Les droits de l’Ordre sont à ce point détaillés qu’il est précisé que le flanc droit de tout gibier tué par un habitant des villes doit être réservé à l’Ordre...
En revanche l’Ordre ne peut acheter de maison en ville comme placement immobilier, et, selon les legs testamentaires des maisons qu’il reçoit, il doit en conserver la destination première, telle qu’elle est définie par ses habitants précédents.
Quatrième groupe
Le quatrième groupe concerne surtout les systèmes de mesure, de monnaie, etc. et libère les domaines des chevaliers teutoniques des octrois et des barrières douanières.

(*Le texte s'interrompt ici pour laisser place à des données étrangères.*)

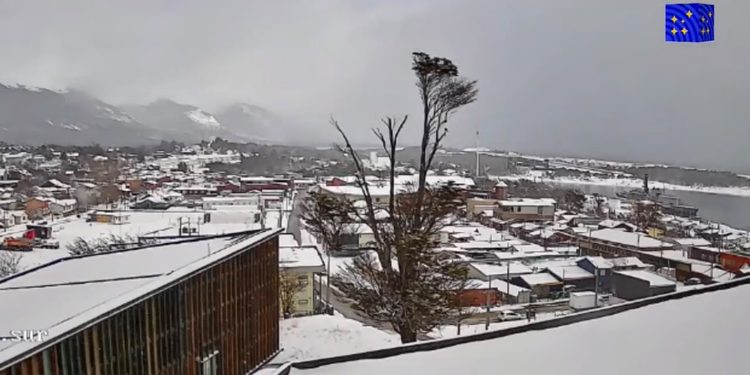 Nevada deja 13 centímetros de acumulación en Puerto Williams y activa operativo para despejar caminos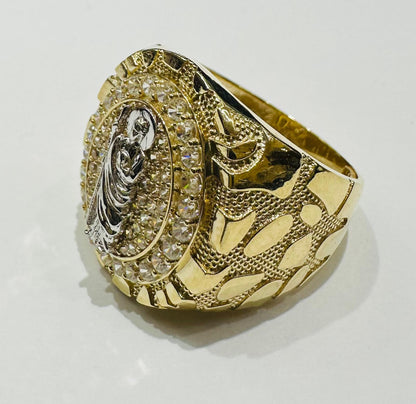 10K GOLD SAN JUDAS TWO TONED NUGGET RING- 7.0gm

Le droit de Culm reste en vigueur jusqu’au XVIe siècle, mais se retrouve néanmoins dans les systèmes postérieurs. Les villes ne perdent pas leurs droits acquis.
En Pologne
Casimir IV de Pologne voulait faire adopter le droit de Culm aux villes commerçantes de Pologne, mais il n’y parvint qu’en petite partie, à cause de l’hostilité de la petite noblesse terrienne, la Szlachta[3] qui craignait pour ses privilèges (notamment d’achats de terre et de fixation des servitudes). Le droit de Culm est définitivement abandonné en Prusse en 1620, et en Pologne 150 ans plus tard au moment des partitions de la Pologne.